Once little more than a glorified porn filter, China’s ‘Great Firewall’ has evolved into the most sophisticated system of online censorship in the world. Griffiths pushes back on the longstanding excuse that the internet is too big to be contained and makes the case that censorship tools are becoming more sophisticated at the very same time that users are becoming more complacent.
... excellent ... The detailed historical picture that he draws of the Chinese authorities’ approach to the online world over the last three decades is nonetheless fascinating and eye-opening ... As a China specialist, he travels to Beijing, Hong Kong and elsewhere to interview brave individuals, and draws a compellingly atmospheric picture of modern arguments about control and self-determination, and even the dangerous politics of drop-down menus in web-forms ... This is an exciting and sobering account of how freedom, which was never in the internet code in the first place, can be effectively curtailed with the tools that were supposed to liberate us.
Griffiths stitches events and issues, most of which are—individually—reasonably well-known, into a coherent narrative. The result is a readable, well-documented history of the internet in China ... The book’s strength is in Griffiths’s measured tone—this is no polemic—and general even-handedness. He is as critical—more despairing than scathing—of the American tech industry as he is of Chinese government policy and notes that much of the technical apparatus used to enforce China’s restrictive version of the Internet was supplied, at least initially, by American firms. Griffiths writes in a fluent, storytelling style, making use of the journalistic-style vignettes that now seem de rigueur in books that might otherwise purport to be analytical. These add color if not necessarily evidence; at least Griffiths does it well. The technical passages on, for example, the various international organizations that struggle for international control over the internet or how domain name routing works, are clear and to the point. The book is however perhaps longer than it need be ... But stylistic pros and cons aside, The Great Firewall of China’s recapitulation of the history, and discussion of how many of the best-laid plans went awry, is a good jumping-off place for, if one likes, discussion of the 'larger issues' ... In the end, it seems Griffiths sees the 'Great Firewall of China' more as a lesson about the internet itself than a story about China per se.
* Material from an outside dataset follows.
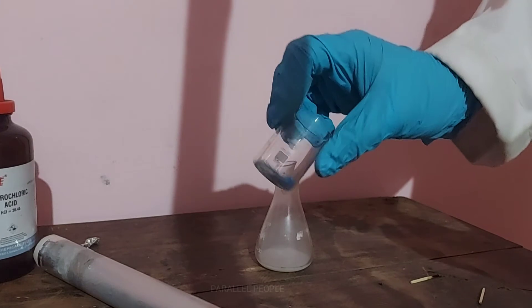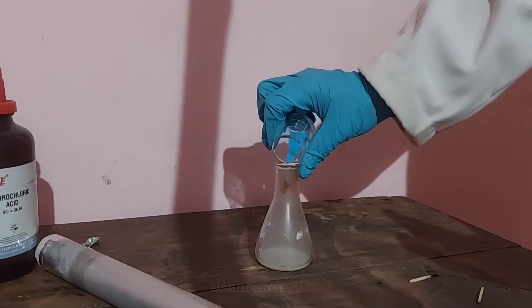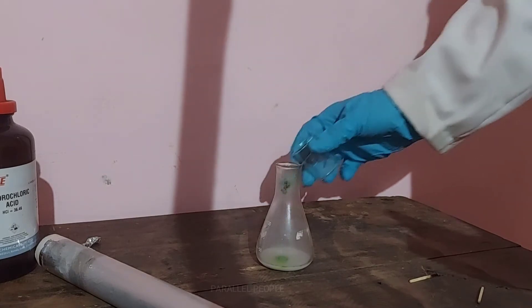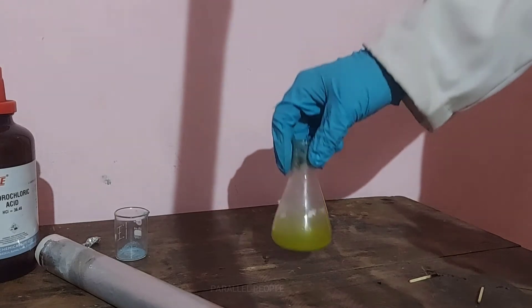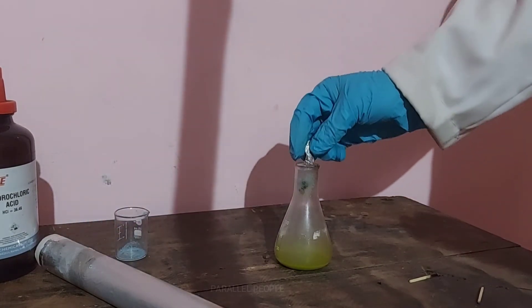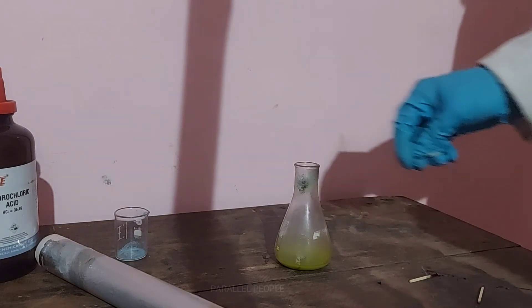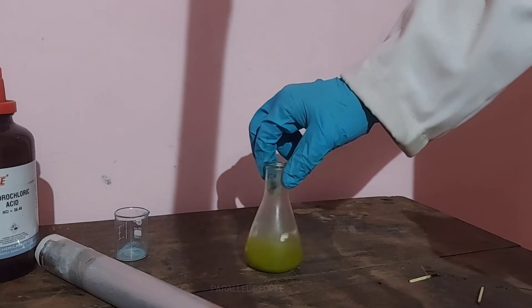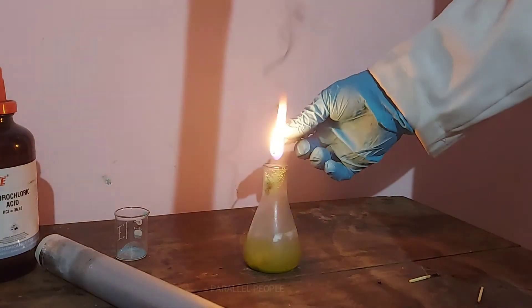When you add copper sulphate, it will also react with hydrochloric acid, but that is not significant here. Any compound of copper — copper sulphate, copper chloride, or similar — will give the same color, which is basically blue. It's not exactly blue all the time, but it is nearly blue, because copper gives that kind of blue flame, and sometimes copper will also give a green flame. Here we can see the combined color of the hydrogen gas and copper sulphate, which is blue.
Why did so many fail to anticipate that the Communist Party would extend its control over cyberspace as it had over physical space? And how, exactly, has the Chinese government created its own heavily surveilled domestic intranet? In The Great Firewall of China, James Griffiths traces the development of Chinese cyberauthoritarianism and censorship from the 1990s to the present. In his useful but alarming account, Mr. Griffiths, a journalist for CNN based in Hong Kong, explains why the Communist Party came to focus on internet control and how the pieces of the Great Firewall function.